The AP model gives schools the opportunity to run unique programs, whereas IB offers far less flexibility. In the AP program, students have a chance to earn a lot more college credits, they can really load up in areas of interest.....e.g. take both AP Statistics and AP Calculus. The courses can be taken in Grades 10, 11, and 12 so students can take a wider variety of AP courses and can also take courses "beyond" or outside the AP model, such as Multivariable Calculus, Big Data or Robotics. The same student in IB would only be able to take one two-year math course.  

Ms. Kahre

Over 30 years in the classroom, I have taught AP World, AP US , AP Macro, AP Micro, AP Comparative Gov, and AP Government. I also have had two children go through the AP exam experience in Science, Math, English, and Foreign Language. The power behind the AP courses is the ability for a student to push themselves beyond their comfort zone for learning, and grow tremendously in the process of how to learn. These courses challenge students beyond where a normal high school class takes students, and gives them an opportunity to push the boundaries of their learning. The courses teach some amazing content, and they carry skills and expectations for independent student learning at the college level so that even the brightest high school student is challenged. 

I have seen very bright students who do not have to study much to get an "A" in a regular or honors course in high school; but, when they go to college, they struggle or fail because they have not learned the necessary skills of how to learn. They haven’t learned to study independently. They have not mastered organizational skills, learned workload time management, how to take notes, how to prepare for cumulative exams by being able to retain knowledge, or how to ask questions to gain a deeper understanding. The AP program intrinsically teaches students how to learn effectively, which carries over to university and even life-long learning.

Mr.
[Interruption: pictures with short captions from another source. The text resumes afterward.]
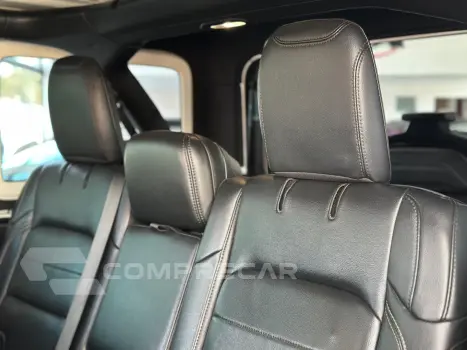 WRANGLER 2.0 TURBO GASOLINA UNLIMITED OVERLAND 4P 4X4 AT8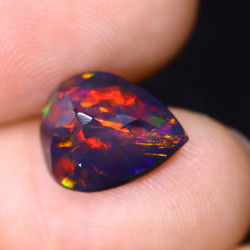 Opale Ethiopienne facettée AAA 3.03 carats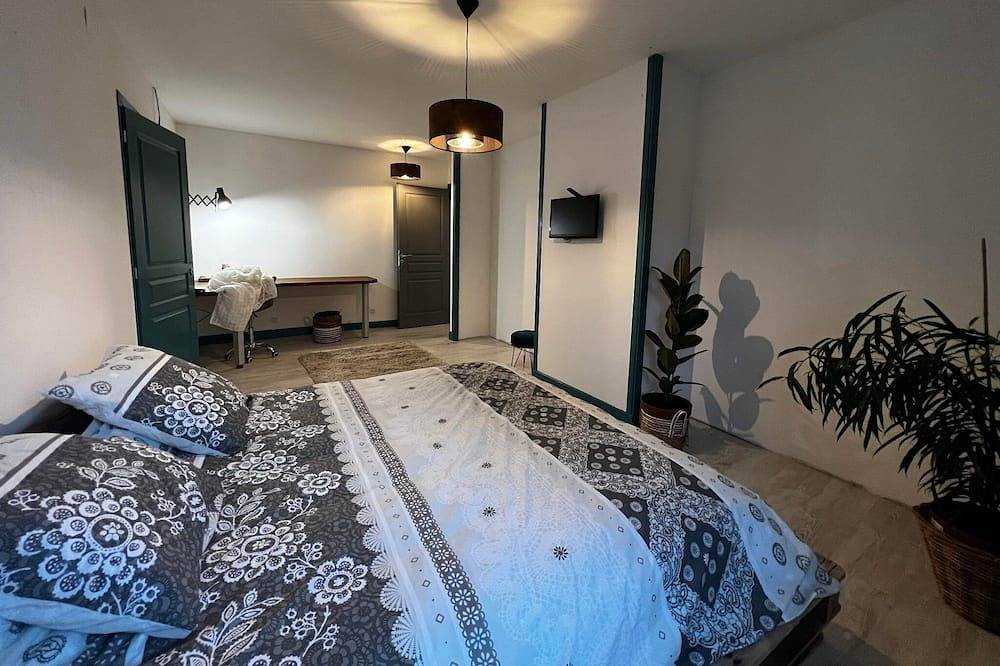 Gite a la ferme avec jacuzzi et piscine, maison privative in Saint-Félix-de-Tournegat, Ariège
Richmond

While IB is a comprehensive program, a student is locked in for two years and its timing and assessments are preset.  IB is an option for schools who need a plug and play curriculum, but if a school has highly motivated and high achieving teachers, the flexibility within the AP curriculum gives the capacity and flexibility to offer many amazing applied learning classes and electives.  For example, Concordia offers applied learning electives like Big Data Analytics, and creative writing classes like Poetry, and a Social Justice with an English crossover class; the constraints of IB would not allow for these additional offerings.  

Concordia International School Hanoi and Concordia Shanghai have sent students to present papers at Big Data conferences, some of which have been published. These opportunities open in the AP curriculum, because of the flexibility.  

While in IB, classes must move together as a whole, AP allows teachers to add extra rigor for exceptional students who need additional challenge.

The AP program allows students to choose a program that best suits their goals and interests, whether a focus on math or the humanities, a blend of the two, or even just trying one AP course. 

Concordia also offers upper level university mathematics courses, Multivariable Calculus and Linear Algebra, for students who advance beyond the AP offerings.

And by taking an AP course load that includes at least five AP mathematics courses, Concordia students can earn a Mathematics Minor through Concordia University Nebraska. 

“I would recommend getting a Math Minor for those who really want to learn something and challenge themselves,” said recent Concordia graduate Rachel.

“I want to apply those mathematical skills and knowledge into some research or other STEM fields like health, informatics or forensic sciences. Then I want to use these meaningful data analytics skills to figure out some trends or some social problems, and find solutions to those problems in society.”

Advanced Placement (AP) is a United States program created by the College Board which offers university-level curricula and examinations to high school students. The program is widely recognized by US universities as well as universities throughout the world. Most US universities grant placement and course credit to students who score a three to five on the examinations.